Hi,
Chinese is the only language that I have tried to self-study so far. I am fluent in three European languages but I learned those in school, therefore Chinese has been my first encounter with language learning outside educational institutions. I am now a beginner B1. To get to that point, I have used different courses: Traditional courses (book+CDs), courses without books (Rosetta, Pimsleur), apps (duolingo, ChineseSkill etc.). Basically, all courses have the same structure: a list of lessons, each one consisting of a short dialog and some grammar notes. But that's how language courses are supposed to look like, right? Right?

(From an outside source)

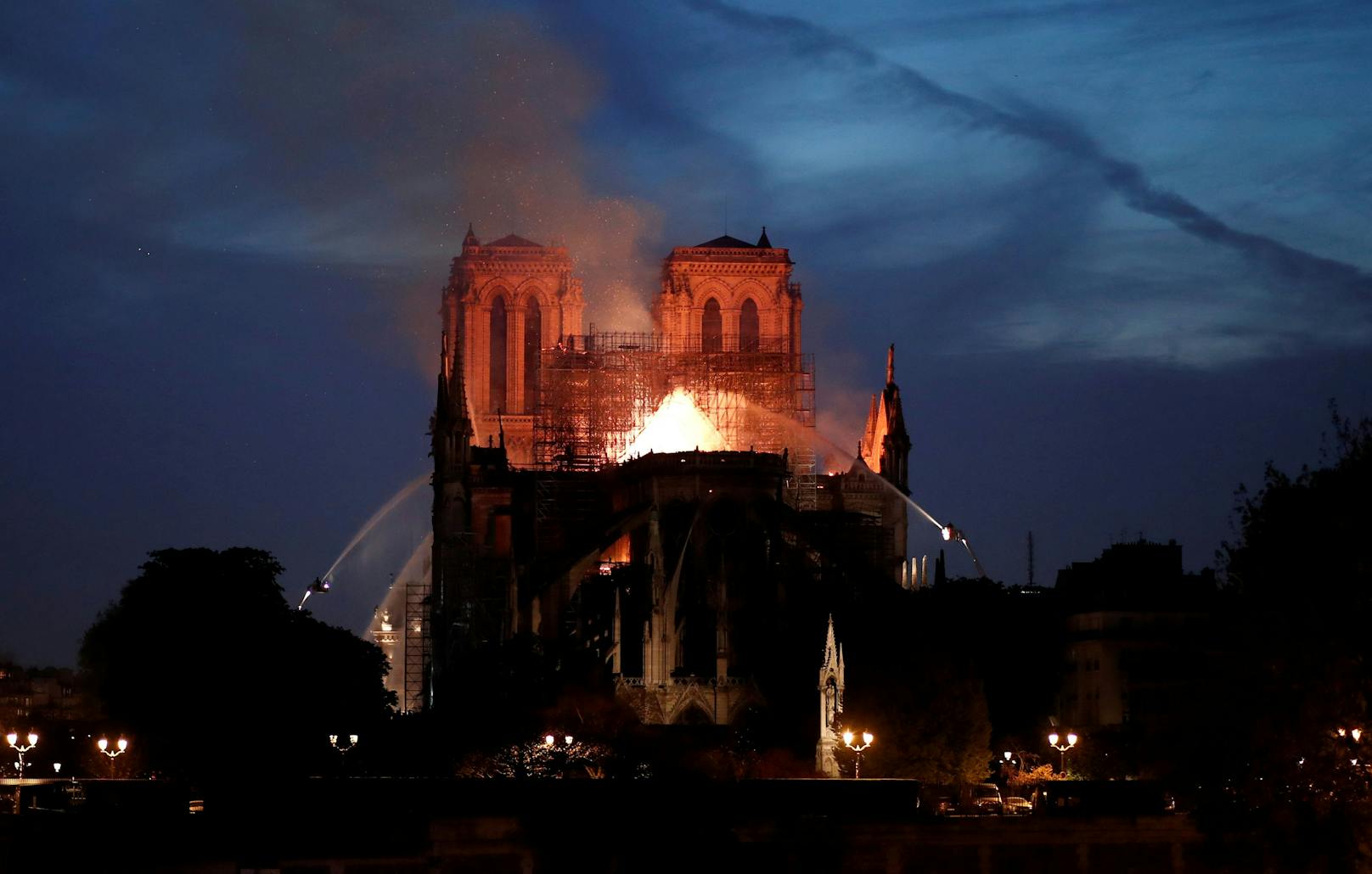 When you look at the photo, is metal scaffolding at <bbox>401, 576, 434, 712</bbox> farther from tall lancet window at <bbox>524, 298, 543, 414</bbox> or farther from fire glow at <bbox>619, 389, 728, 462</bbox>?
fire glow at <bbox>619, 389, 728, 462</bbox>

Recently, a friend of mine started to learn French in a language school. Holy shit, it's amazing what study material they have. They gave him a book with dialogs, a vocabulary book, a grammar book, and a pronunciation book. Each book comes with several hours of mp3 files. Do you remember how often you have been told that Chinese pronunciation is difficult? In the French course, they have an entire book (200 pages) just on pronunciation. And this is just for level A1-A2 from one publisher! These books are well made. Grammar explanations, lot of small games, cartoons, dialogs, writing exercises, background information, etc. And they are not even expensive: all books together would be cheaper than a one-year membership of, e.g., Duolingo plus (not that you need it).
Compared to that, all existing Chinese learning courses and apps look extremely amateurish. How does it come that, after 30 years of public interest in the Chinese language, we don't have decent learning material?